An attacker who exploits this vulnerability could be able to view and edit settings without authenticating.

WAGO is an international company based in Germany. They operate production facilities in Germany, Switzerland, Poland, China, and India. WAGO maintains offices worldwide.

WAGO’s products see action across several sectors including commercial facilities, critical manufacturing, energy, and transportation systems. WAGO estimates these products see use on a global basis.

In the vulnerability, by accessing a specific uniform resource locator (URL) on the web server, a malicious user is able to edit and to view settings without authenticating.

CVE-2016-9362 is the case number assigned to this vulnerability, which has a CVSS v3 base score of 9.1.

No known public exploits specifically target this vulnerability. However, an attacker with a low skill would be able to exploit this vulnerability.
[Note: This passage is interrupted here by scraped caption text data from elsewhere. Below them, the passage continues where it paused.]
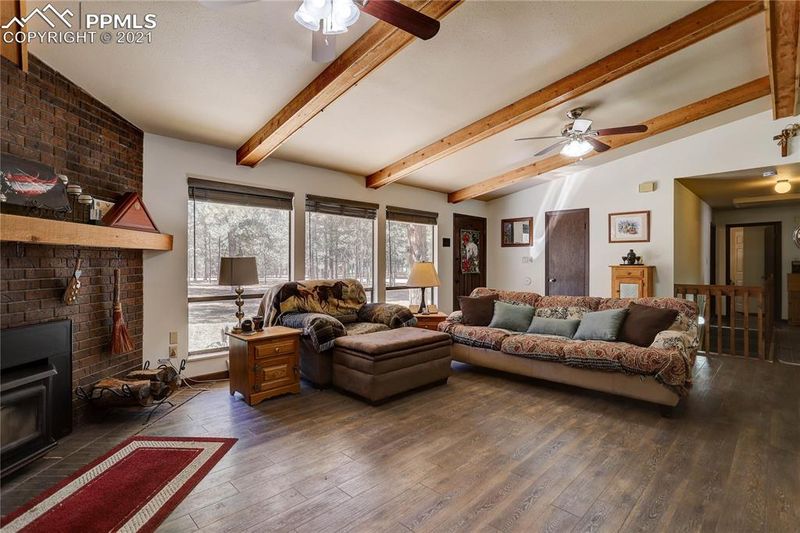 15525 Bar X Rd, Colorado Springs, CO 80908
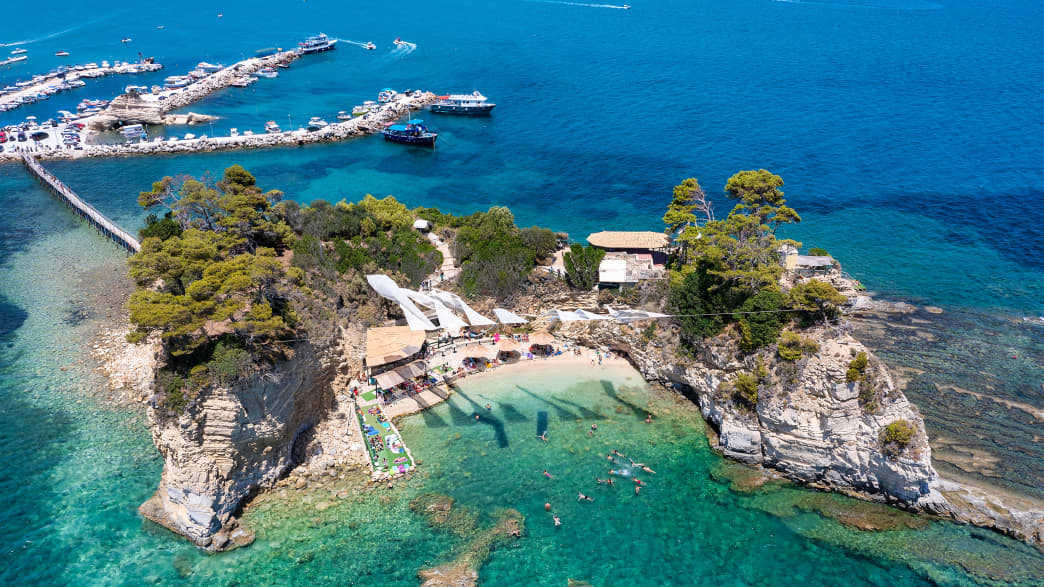 das türkisblaue Meer bei Laganas
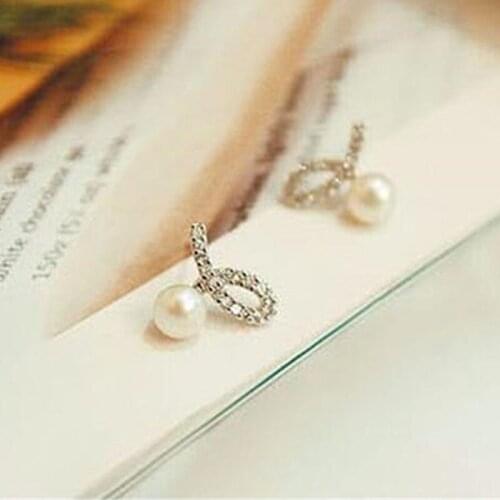 2019 New Hot Gorgeous and elegant imitation pearl Crystal earrings (2 colors) Fashion Jewelry Wholesale Bohemia style earring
WAGO recommends the following use conditions for Ethernet devices. If not otherwise specified, Ethernet devices should end up used on local networks. Users should note the following when using Ethernet devices:
• Do not connect control components and control networks to an open network such as the Internet or an office network. WAGO recommends putting control components and control networks behind a firewall.
• Limit physical and electronic access to all automation components to authorized personnel only.
• Change the default passwords before first use. This will reduce the risk of unauthorized access to systems.
• Regularly change passwords. This will reduce the risk of unauthorized access to systems.
• If remote access to control components and control networks is mandatory, use a Virtual Private Network (VPN).
• Regularly perform threat analyses. Check whether the measures taken meet company security requirements.
• Use “defense-in-depth” mechanisms in the system’s security configuration to restrict the access to and control of individual products and networks.